Today, I used the count()
with group_by()
and summarise()
from the dplyr package. Here is the code:
dplyr::group_by(QUARTER, PROVINCE, DATE) %>%
dplyr::summarise(COUNT = count(EDUCATION)) %>%
ungroup()
Here is what my df
looks like after executing the code above:
Quarter PROVINCE DATE COUNT.x COUNT.freq
2020Q1 New-York 2020-01-07 1 30
2021Q1 New-York 2020-01-07 2 21
2020Q1 New-York 2020-01-07 3 55
2021Q1 New-York 2020-01-07 4 8
Note: I did not create COUNT.x
and COUNT.freq
myself! Now, I am trying to take the COUNT.x
as columns and COUNT.freq
as the values. This means pivot_wider()
would be the solution here. However, after trying the following:
pivot_wider(df, names_from = COUNT.x, values_from = COUNT.freq)
It says COUNT.x
and COUNT.freq
do not exist:
Error: Can't subset columns that don't exist.

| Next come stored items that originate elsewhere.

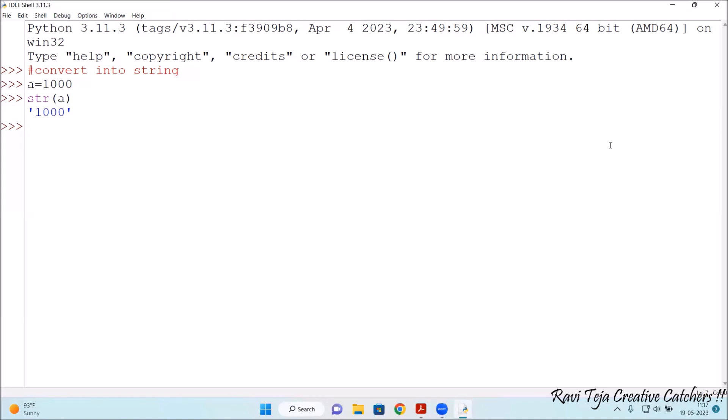Now, let us take one more string format and convert that into integer. Convert into integer or int. So let's take a number in the string format.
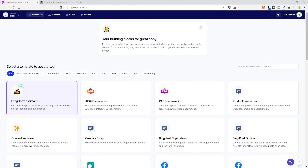You're a busy person, so why not hire Jarvis to do all the work? In this video, I'm going to show you how to rewrite your blog posts quickly using Conversion.ai. Welcome everybody, I'm Kevin Smack, and let's go ahead and just get started.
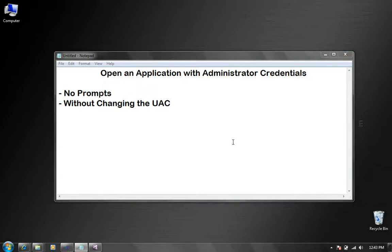Hello, this is Will Martinez and I would like to show you a workaround that I've learned some time ago to open an application with administrator credentials.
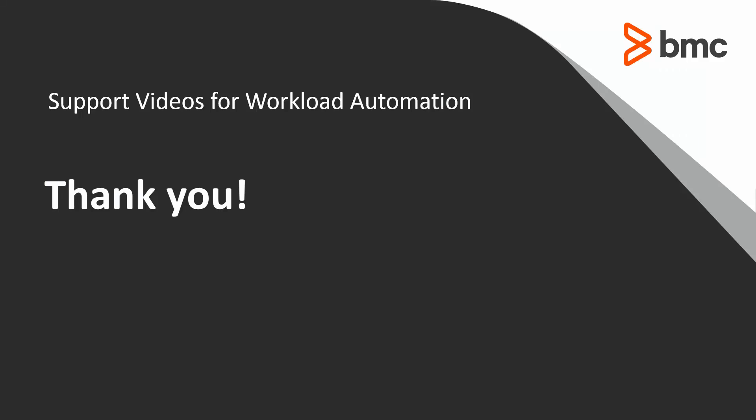Thank you for your time. The Workload Automation Support Team looks forward to helping should you need our assistance.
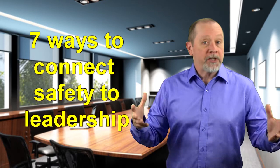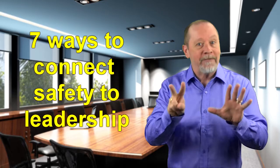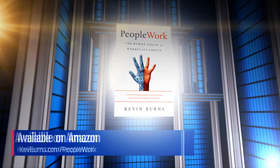Safety is fast becoming the new leadership. So consider this a primer. On this episode, we'll connect safety to leadership in seven different ways. PeopleWork, the human touch in workplace safety, available everywhere on Amazon.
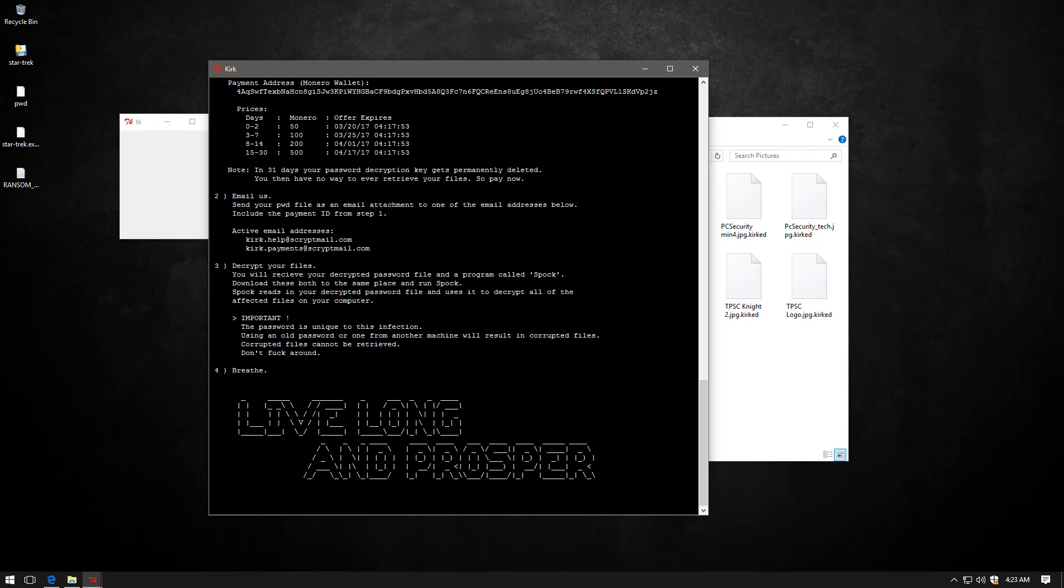Ransomware development is turning into an art. The one thing I'm waiting for is a Jurassic Park ransomware, where Dennis Nedry pops up his face and says, uh-uh-uh, your files are encrypted or something along those lines.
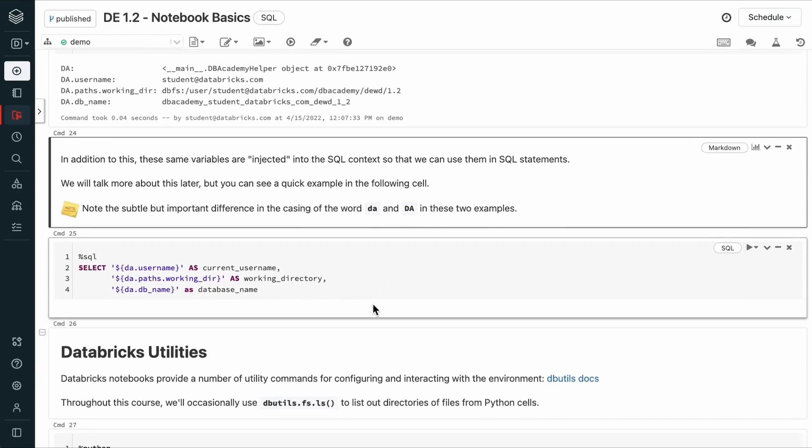In addition to these, the same variables are injected into the SQL context so that we can use them in SQL commands. We can reference them within SQL using the lowercase DA.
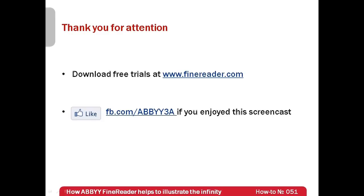And don't forget that you can always get free trials of ABBYY FineReader at www.finereader.com. Thank you very much for your attention and if you have enjoyed this screencast, please like our Facebook page which is available at fb.com/abby3a.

x Column `COUNT.x` doesn't exist
Also, checking names(df)
gives me:
[1] "QUARTER" "PROVINCE" "DATE" "COUNT"
It does not include COUNT.x
and COUNT.freq
!
Anyone have a solution to this problem?
The issue is that count
is being applied within summarise
resulting in a data.frame/tibble column. It should be outside i.e.

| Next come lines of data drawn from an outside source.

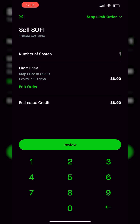With a stop limit, you're still saying I want to get out of SoFi if it ever drops below $9, but you're saying I'm not willing to sell this share for anything less than $8.90. So if there's a big gap down from $9 to $8, you would not sell — you're willing to wait until SoFi comes back up to $8.90. It's important to keep in mind that neither the stop market nor the stop limit is perfect. If SoFi drops from $9 down to $7 overnight and then goes to $5, you'd wish you used the stop market order. But if SoFi opened at $7 and came back up to $8.90, you'd wish you used the stop limit. It really depends on the situation.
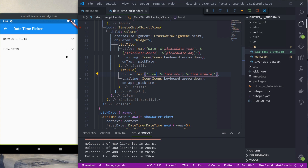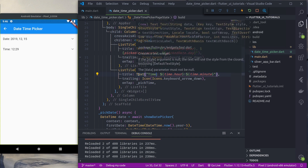So thank you everyone for watching this tutorial. In this tutorial you saw how easy it is to create a date and time picker using the default functions provided by Flutter, without using any external plugins.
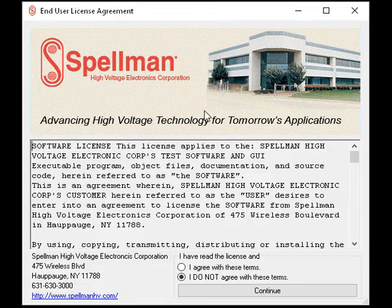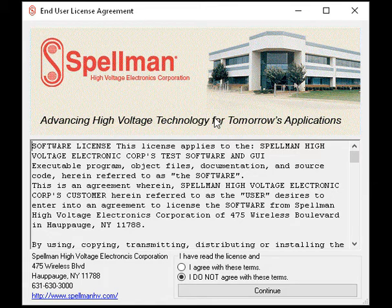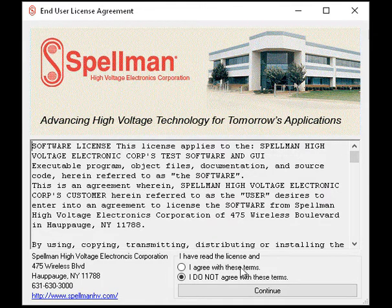This is Spellman's MicroX and MicroX HP Demo GUI video. Click the MicroX Demo GUI icon. The license agreement will appear. Select I Agree and click Continue.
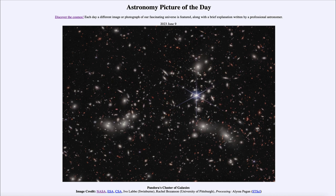Today's picture for June 9th of 2023 is titled Pandora's Cluster of Galaxies.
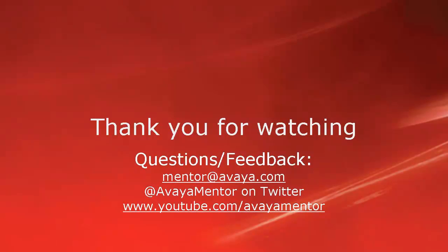Thank you for your time today. We hope this information was useful. We welcome comments, questions and feedback at mentor at avaya.com or on Twitter at AvayaMentor.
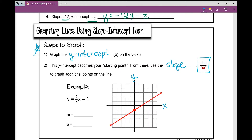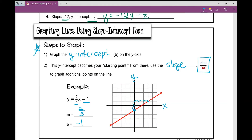Given this first example, y equals two-thirds x minus one, let's identify our slope and y-intercept. The slope is two-thirds — the number in front of x — and the y-intercept is negative one. Step one: graph the y-intercept. On the y-axis, starting at zero, go down one to negative one. From that starting point, rise two and run three to get the next point. You can keep going — rise two and run three — or go the other direction as well. It's a constant rate of change, so all points fall on the same line.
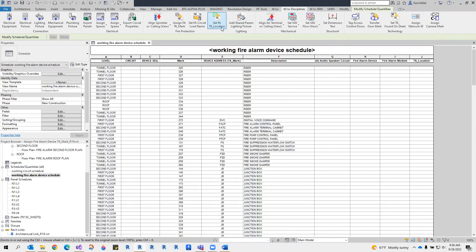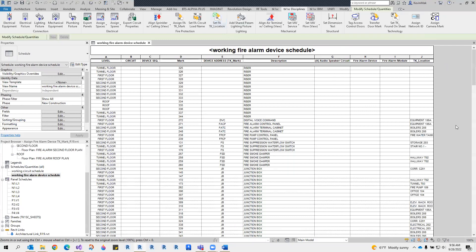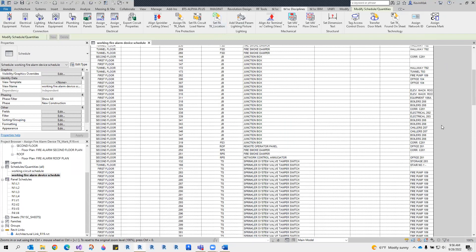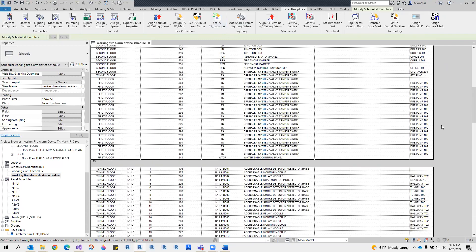Click setFATKLocation. The TKLocation column is filled.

dplyr::count(df, QUARTER, PROVINCE, DATE, EDUCATION)
If we are using the OP's code, it is not a regular data.frame column. We need to reinvoke data.frame
to flatten the columns
out <- df %>% dplyr::group_by(QUARTER, PROVINCE, DATE) %>%
dplyr::summarise(COUNT = count(EDUCATION)) %>%
ungroup()
out1 <- do.call(data.frame, out)